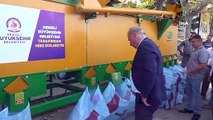Denizli Büyükşehir Belediyesi, Bozkurt ilçesinde çiftçilere tohum eleme makinesi ve gübre dağıtma römorku hibe etti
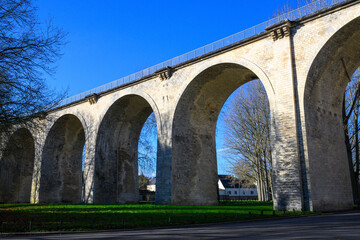 Fototapeta na wymiar Chartres Eisenbahnbrücke
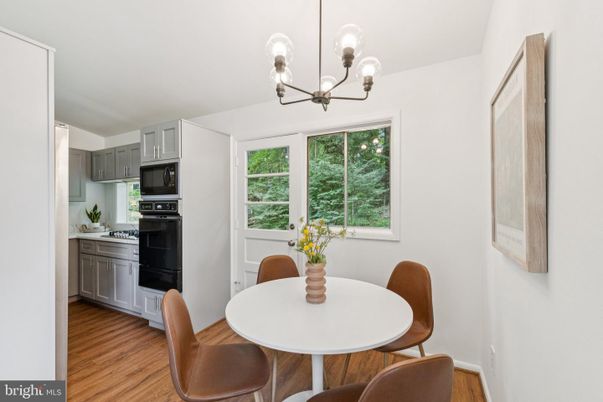 Chandelier, Dining room, Interior, Kitchen, Wood Texture Flooring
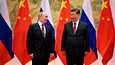 Venäjän presidentti Vladimir Putin ja Kiinan presidentti Xi Jinping poseerasivat medialle Pekingissä järjestetyn tapaamisen yhteydessä 4. helmikuuta 2022. Kremlin julkaisema kuva.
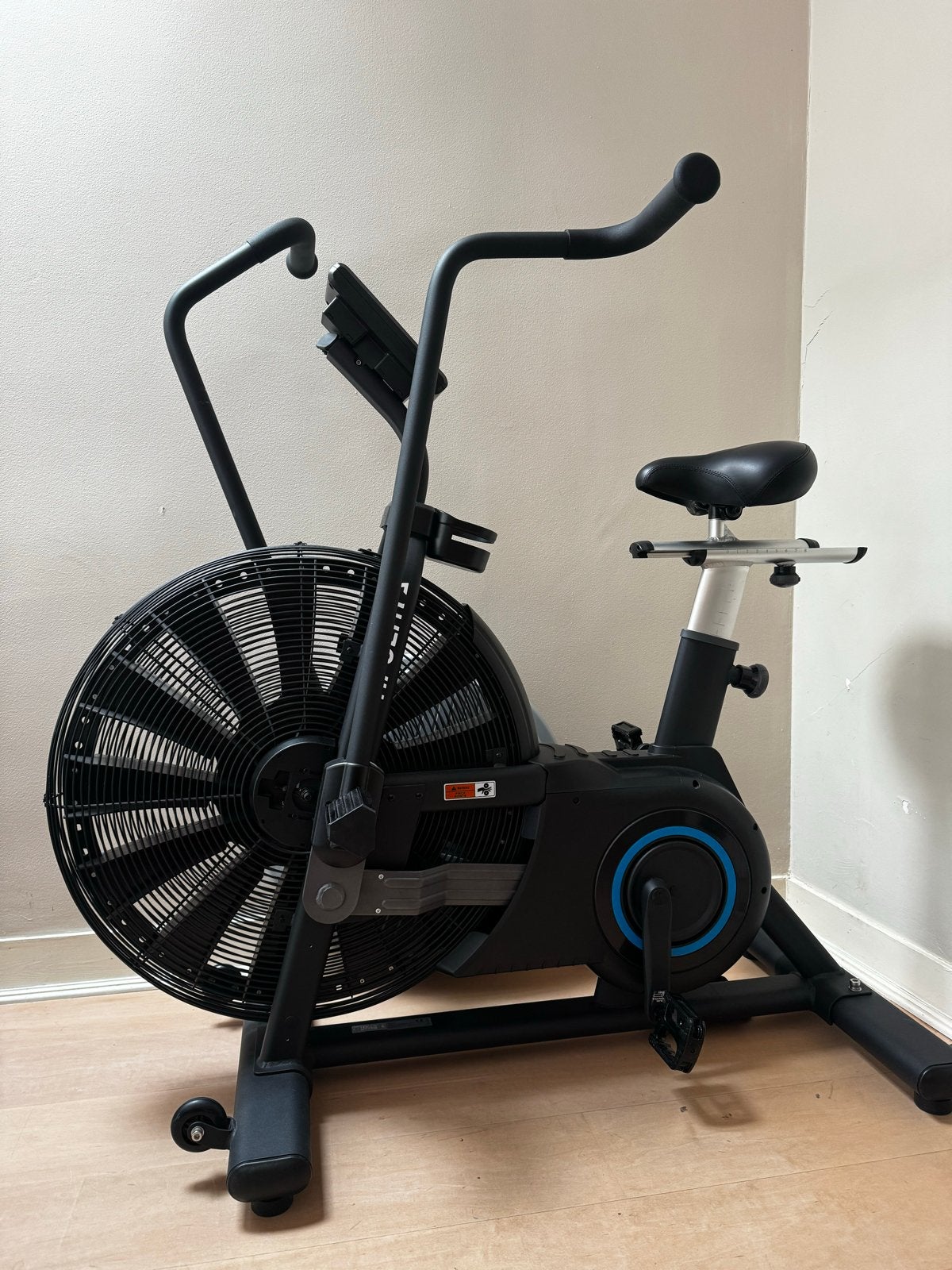 HI-ULTR Airbike - Zo goed als nieuw, Ophalen, Armen, Zo goed als nieuw, Airbike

- _WHAT IS EXPECTED_:
Pictures in the records above should not be copied. Repeat everything else exactly.

- _WRITTEN SOLUTION_:
Denizli Büyükşehir Belediyesi, Bozkurt ilçesinde çiftçilere tohum eleme makinesi ve gübre dağıtma römorku hibe etti
 Fototapeta na wymiar Chartres Eisenbahnbrücke
 Chandelier, Dining room, Interior, Kitchen, Wood Texture Flooring
 Venäjän presidentti Vladimir Putin ja Kiinan presidentti Xi Jinping poseerasivat medialle Pekingissä järjestetyn tapaamisen yhteydessä 4. helmikuuta 2022. Kremlin julkaisema kuva.
 HI-ULTR Airbike - Zo goed als nieuw, Ophalen, Armen, Zo goed als nieuw, Airbike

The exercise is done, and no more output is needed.